What this task involves:
Once you reach the line with "Image of happy" below, copy each line exactly, stopping after the line with "Woman-using-ABI-sensor-tap-in-kitchen-1024x1536-1", and skip any pictures.

Web page caption snippets:
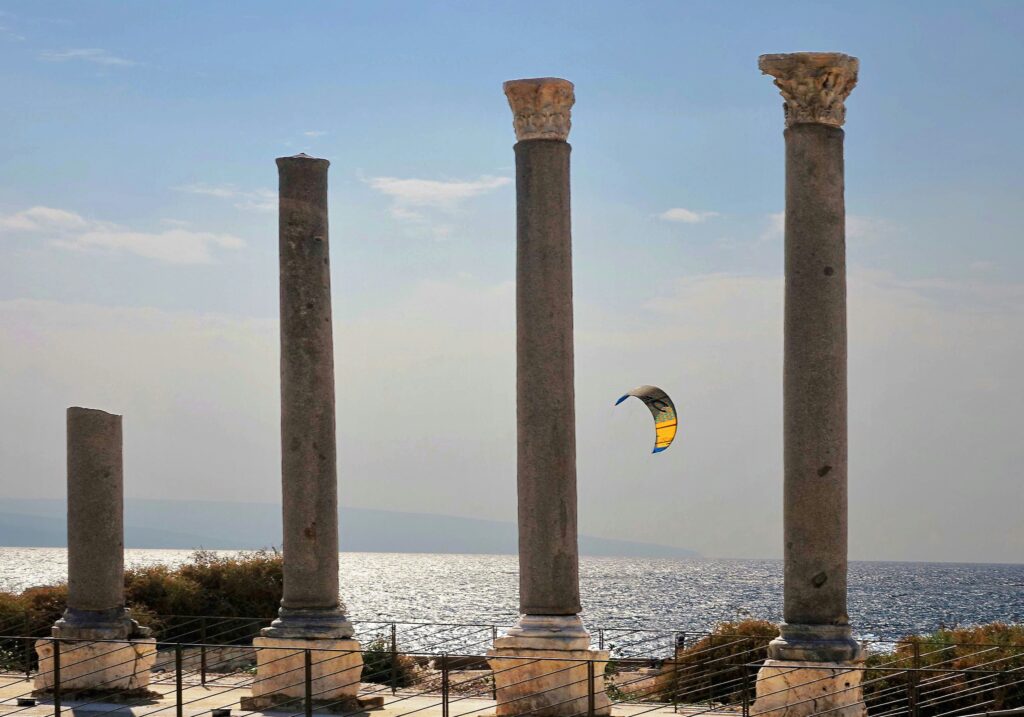 Stone columns of the ancient ruins of Tyre, Lebanon, standing along the Mediterranean coast with the sea in the background.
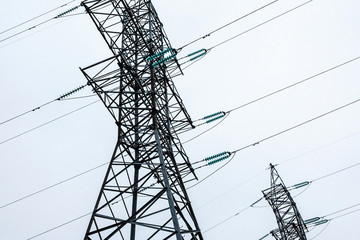 Two symmetrical metal electrical towers with wires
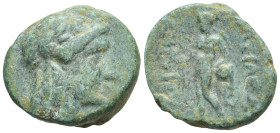 Seleukid Kingdom. Antiochos Hierax. 242-227 B.C. AE (15mm, 3.2 g) head of Apollo right Rev: Apollo standing facing, head left, holding arrow and resti...
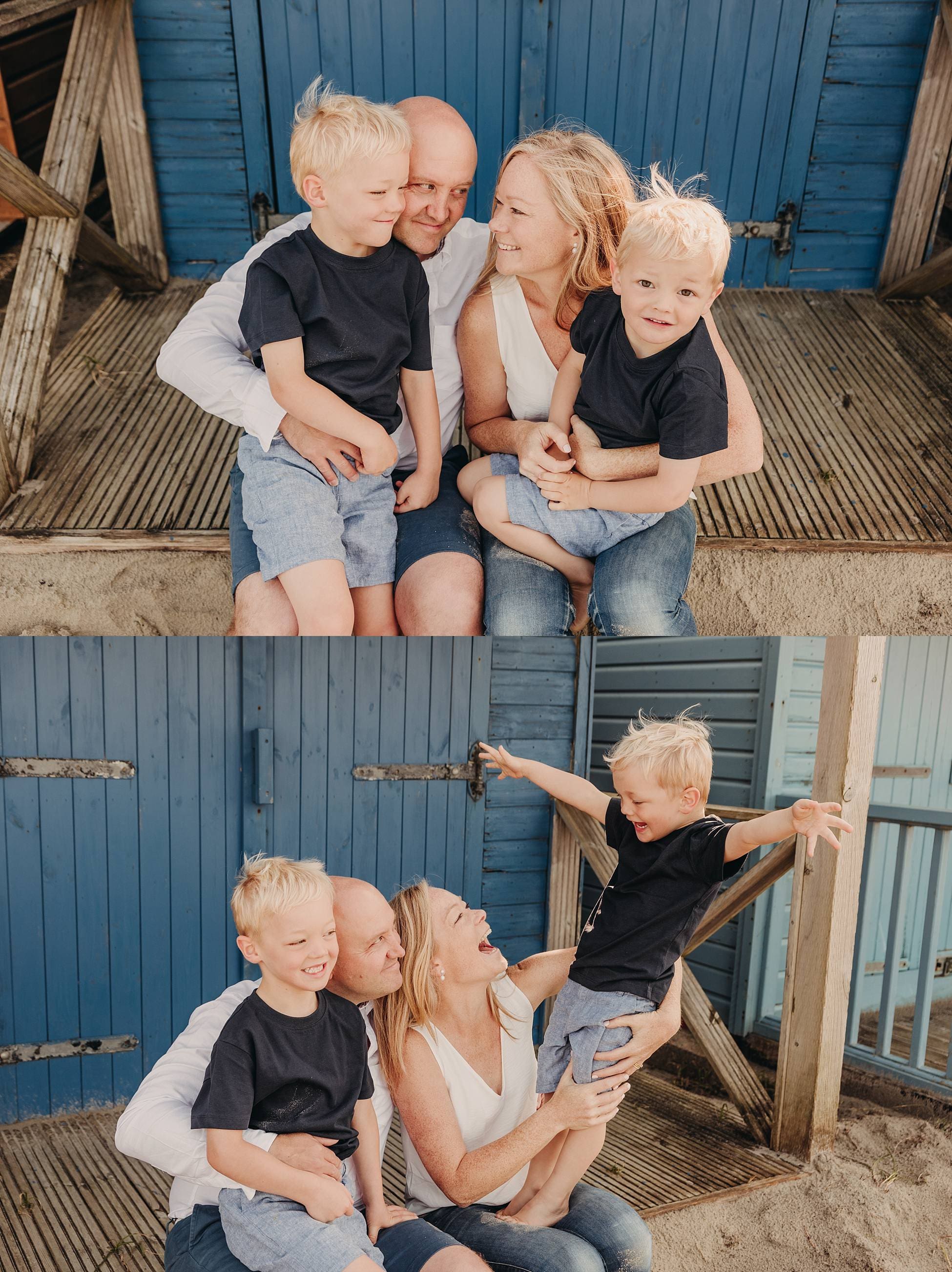 Family sitting on wooden steps by a blue beach hut, laughing together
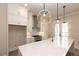 Bright, open kitchen featuring a large island, stainless steel hood, and modern pendant lighting at 540 Fisher Dr # 46, Alpharetta, GA 30009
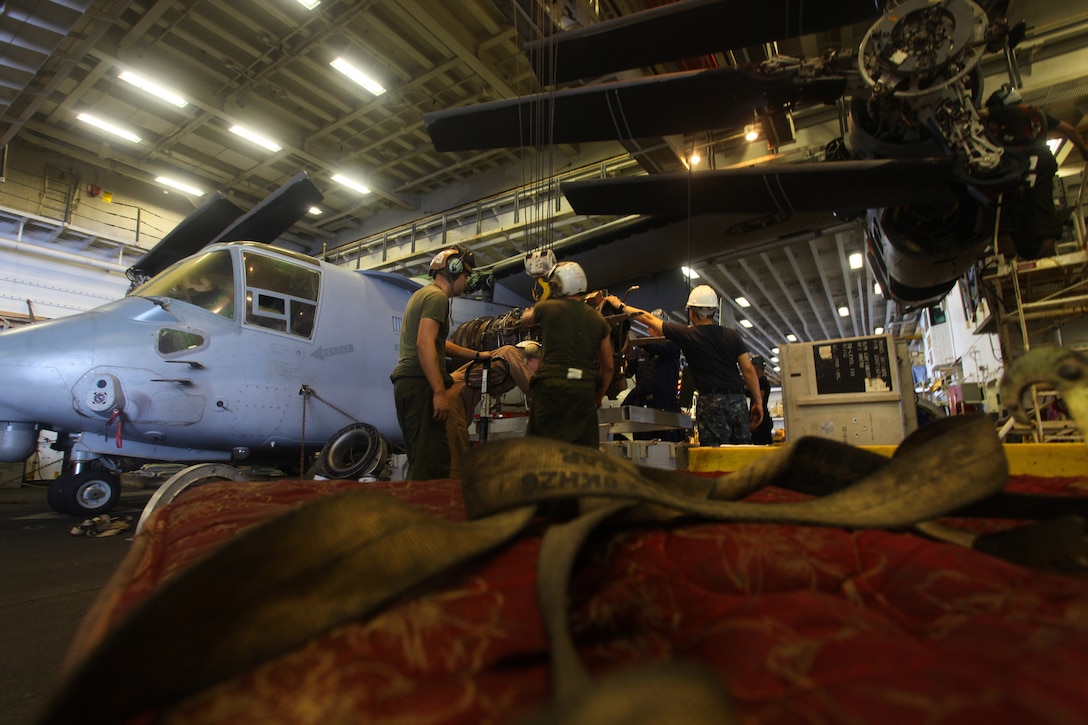 USS IWO JIMA, U.S. 5th Fleet Area of Responsibility (Sept 22, 2012) -Marines from the airframes section of Marine Medium Tiltrotor Squadron 261 (Reinforced), 24th Marine Expeditionary Unit, conduct engine maintenance on an MV-22B Osprey in the hangar of USS Iwo Jima (LHD 7), Sept 22, 2012. The aviation maintenance crews work around the clock to ensure the 24th MEU's aircraft are always ready to fly in support of the various missions they could be called for. The 24th MEU is deployed with the Iwo Jima Amphibious Ready Group as a theater reserve and crisis response force for U.S. Central Command in the U.S. Navy's 5th Fleet area of responsibility. (U.S. Marine Corps photo by Lance Cpl. Tucker S. Wolf)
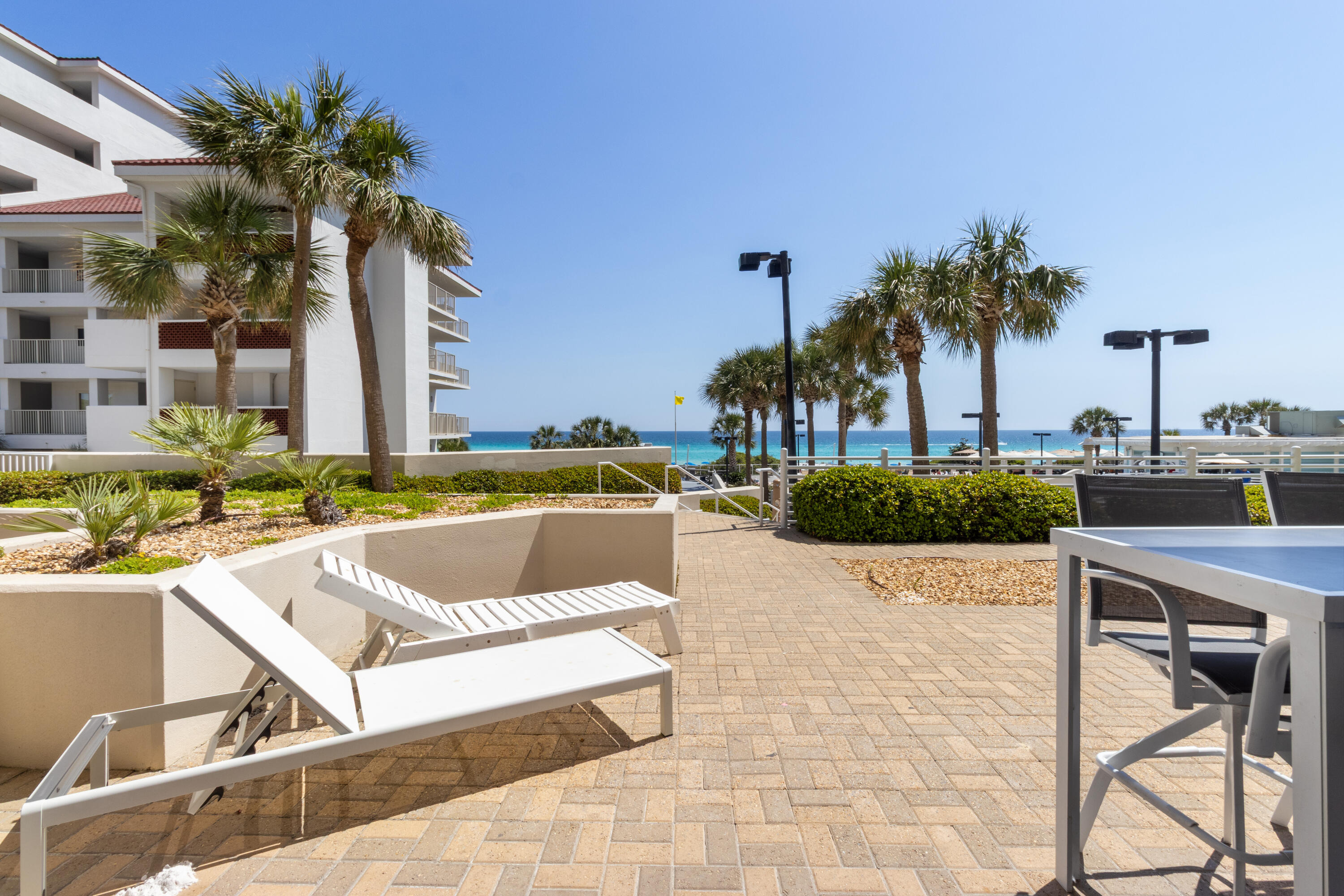 550 Tops'l Beach Boulevard, Unit 103 Miramar Beach, FL 32550 - Photo 3 of 20 a view of a swimming pool with a lounge chairs
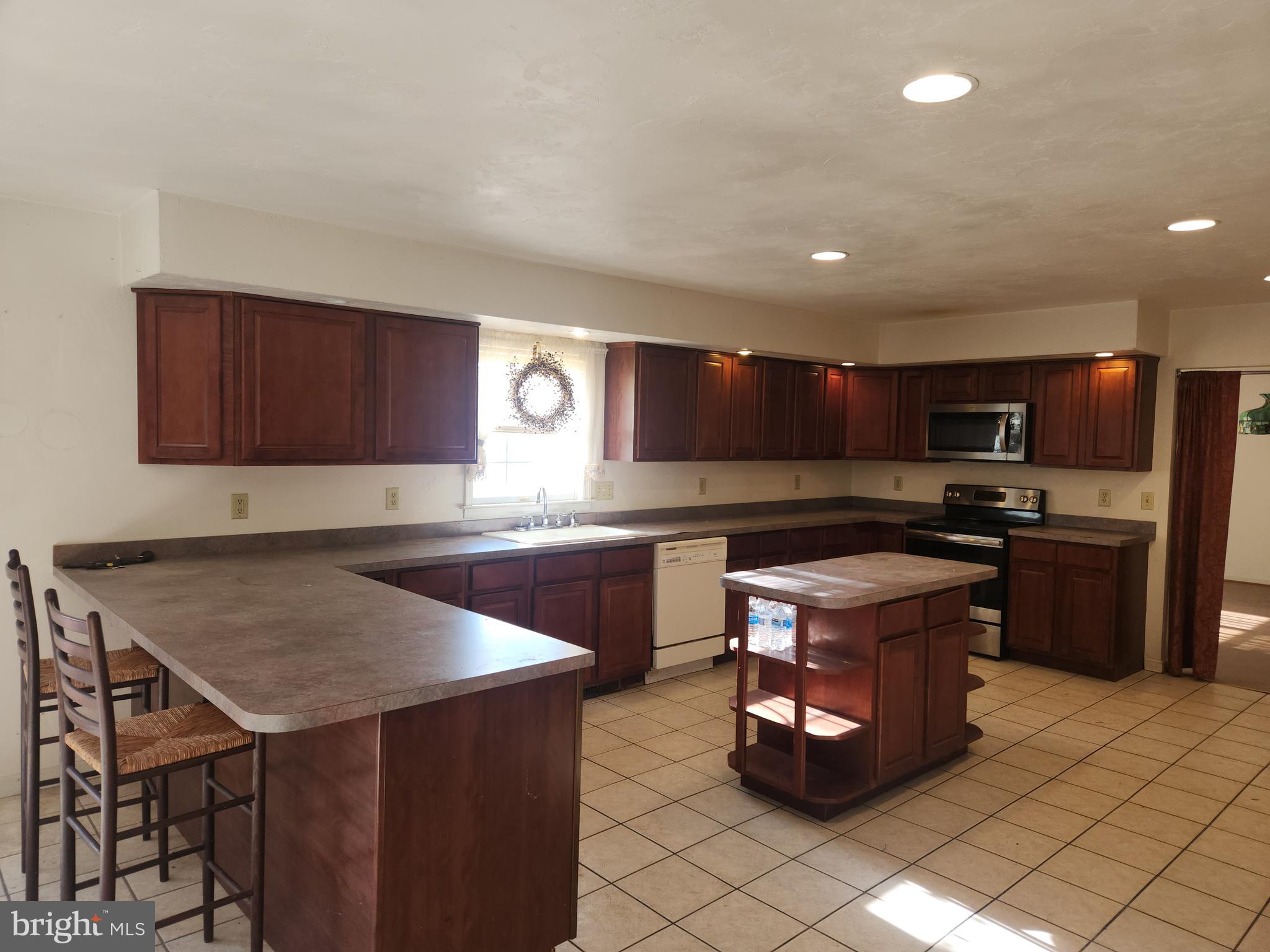 290 Locust Grove Road Bainbridge, PA 17502 - Photo 29 of 108 a kitchen with stainless steel appliances granite countertop a stove a sink dishwasher a microwave oven and a refrigerator with wooden cabinets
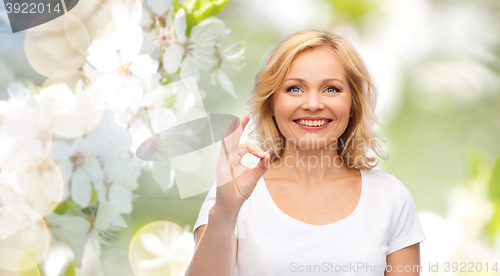 Image of happy woman in white t-shirt showing ok hand sign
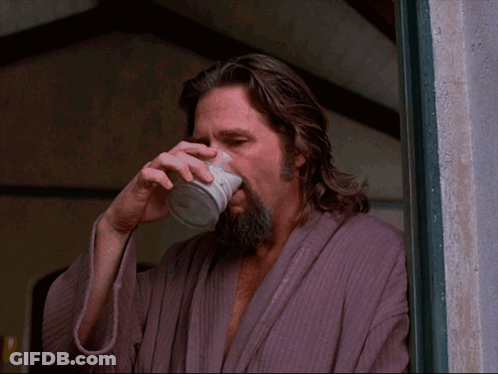 Man With Long Hair And Beard Drinking Milk GIF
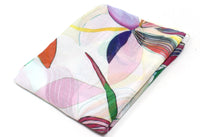 Folded fabric with colorful abstract pattern on a white background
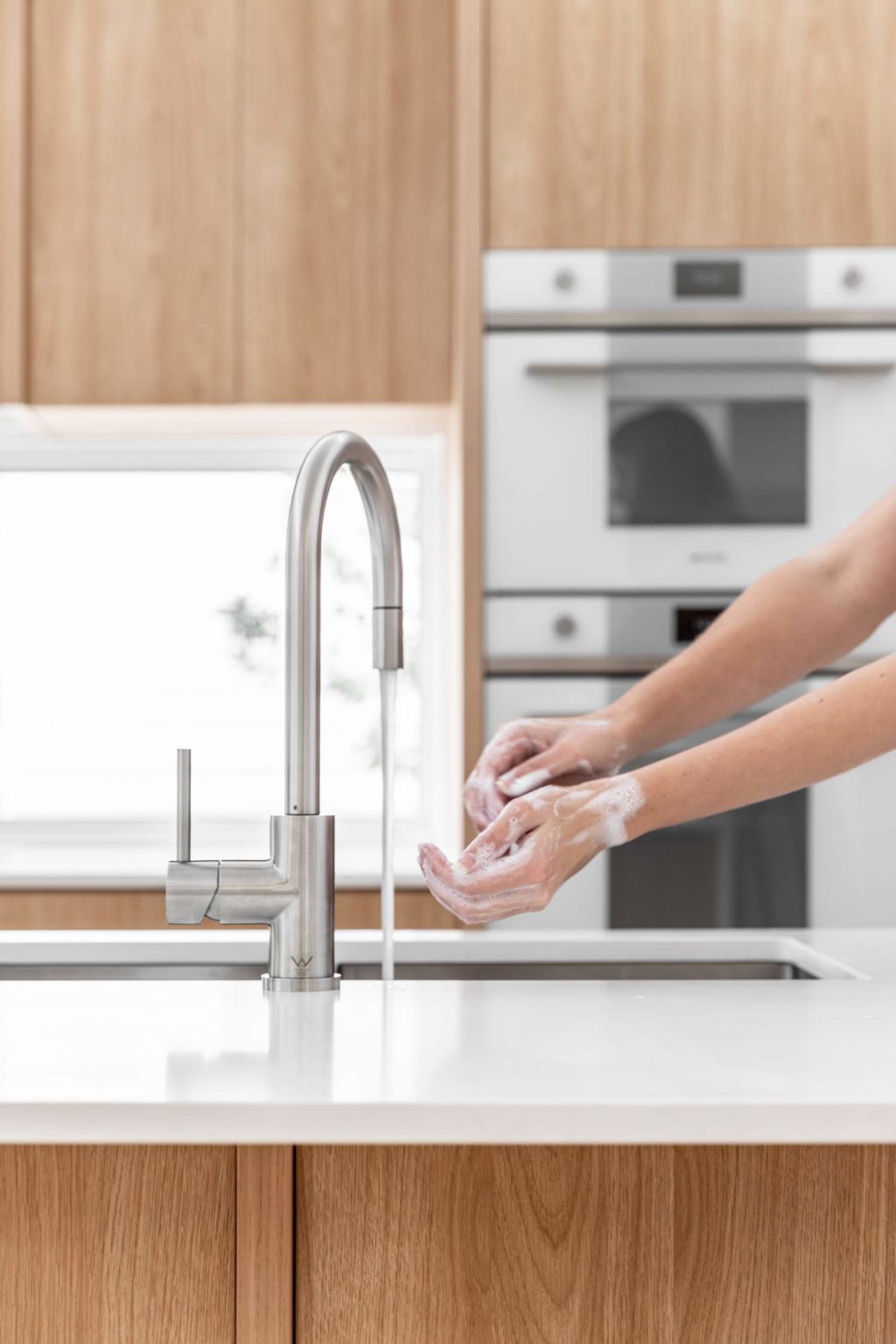 Woman-using-ABI-sensor-tap-in-kitchen-1024x1536-1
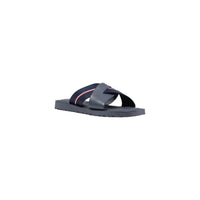 Image 2 : Mules Tommy Hilfiger homme cuir bleu marine, détail des bandes croisées et semelle crantée caoutchouc, fond blanc — Delvale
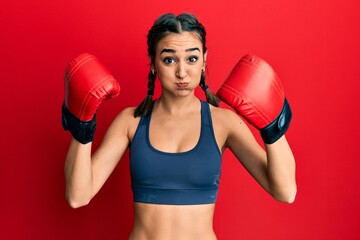 Young brunette girl using boxing gloves wearing braids puffing cheeks with funny face. mouth inflated with air, catching air.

Answer to the exercise:
 Image of happy woman in white t-shirt showing ok hand sign
 Man With Long Hair And Beard Drinking Milk GIF
 Folded fabric with colorful abstract pattern on a white background
 Woman-using-ABI-sensor-tap-in-kitchen-1024x1536-1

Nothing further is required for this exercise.